Documentaire sur France 5 à 20 h 55

Il y a parfois, au détour d’une soirée télé, des programmes qui bousculent, dérangent, poussent à la réflexion. Le documentaire de Claire Lajeunie est de ceux-là. La réalisatrice, habituée aux sujets délicats – femmes sans domicile fixe, ­enfants maltraités, mères célibataires, malades mentaux –, donne ici la parole à des hommes et à des ­femmes aux origines sociales et aux parcours très différents, mais dont le point commun est la ­pauvreté financière.

Les statistiques ­distillées à bon escient suscitent la stupeur, même si aucune donnée chiffrée ne provoque autant d’émotion que la parole de ceux qui ­témoignent ici. Aujourd’hui, neuf ­millions de personnes (un ­Français sur sept) vivent sous le seuil de pauvreté, avec moins de 1 015 euros par mois. Un enfant sur cinq est en ­situation de grande précarité. Des centaines de ­milliers de gens ­doivent se ­débrouiller avec l’équivalent de 7 euros par jour. Hors chômage, les travailleurs pauvres sont ­estimés à deux millions. ­Enfin, un million de personnes âgées ont moins de 1 000 euros par mois pour subvenir à leurs ­besoins.

La force de ce documentaire tient d’abord au choix des ­personnes qui parlent de leurs difficultés à s’en sortir. De Matteo (12 ans) et sa sœur Maeva (15 ans), près d’Angers, à Marianne (62 ans), de Tourcoing ; de Sébastien (33 ans), à Strasbourg, à ­Isabelle (54 ans), près de ­Mulhouse, en passant par Erwan (45 ans), à ­Paris, toutes et tous ­expriment, devant la caméra, des sentiments complexes. Que ce soit la ­tristesse, la colère, la honte, la joie de pouvoir s’offrir un petit plaisir ou la peur de ce qui les attend, les mots frappent au cœur.

« Pauvrophobie »

« Dans ce pays, il y a une espèce de pauvrophobie qui s’installe », ­estime Sébastien, titulaire de deux masters, hébergé dans un ­logement social après avoir vécu six mois dans sa voiture à la suite de la perte d’un emploi confortable, trois ans plus tôt. Une fois tout payé, ce trentenaire doit jongler avec l’équivalent de 6,60 euros par jour.
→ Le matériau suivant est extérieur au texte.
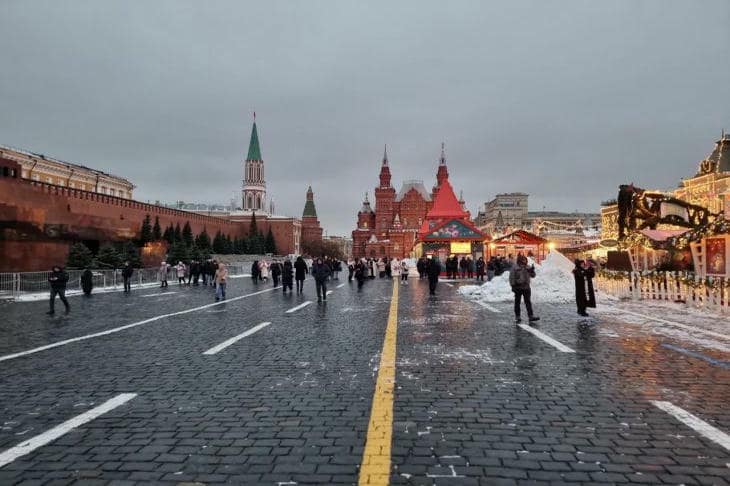 Москва встречает Масленицу: ярмарки и мастер-классы открылись в центре и округах город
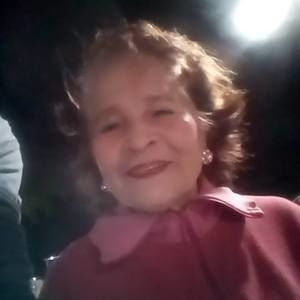 Meet your Posher, Ester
Créateur d’un journal en ­ligne (L’Archipel des sans-voix), il participe à des réunions avec d’autres personnes en difficulté financière.« C’est pas parce qu’on est pauvre qu’on est débile ! Au CNRS de Grenoble, on a des chercheurs qui sont au RSA », rappelle à juste titre l’un des participants.

Matteo et sa sœur Maeva, près d’Angers. / L2FILMS

Matteo, gamin au regard triste et à la voix douce, vit au sein d’une famille recomposée dont les ­revenus s’élèvent à 800 euros par mois. « C’est un peu difficile ­l’argent. On vit avec très peu, mais on se débrouille. » Se débrouiller ? Il faut bien. « Il me manque à peu près 800 euros par mois. C’est pas facile à mon âge de demander de l’argent à sa mère », résume Erwan, kiosquier à Paris, divorcé et père d’une fille dont il s’occupe avec attention. L’argent qui ­man­que pour l’essentiel – pas le superflu –, c’est aussi le quotidien d’Isabelle, une jeune grand-mère énergique qui, après avoir ­longtemps travaillé en usine, multiplie les ménages et survit avec 460 euros. « Quand tu es dans la misère, tu apprends à te priver de tout. C’est épuisant, usant. » Marianne, également retraitée, perçoit une retraite de 672 euros. « J’ai habité à Paris, gagné beaucoup d’argent, tout claqué », se rappelle-t-elle en souriant. Tombée gravement malade, elle n’a pas retrouvé d’emploi stable. Ses enfants l’aident énormément. La France pauvre ? Elle n’est peut-être pas en marche, mais elle est debout.

Pauvres de nous, de Claire Lajeunie (France, 2018, 65 min).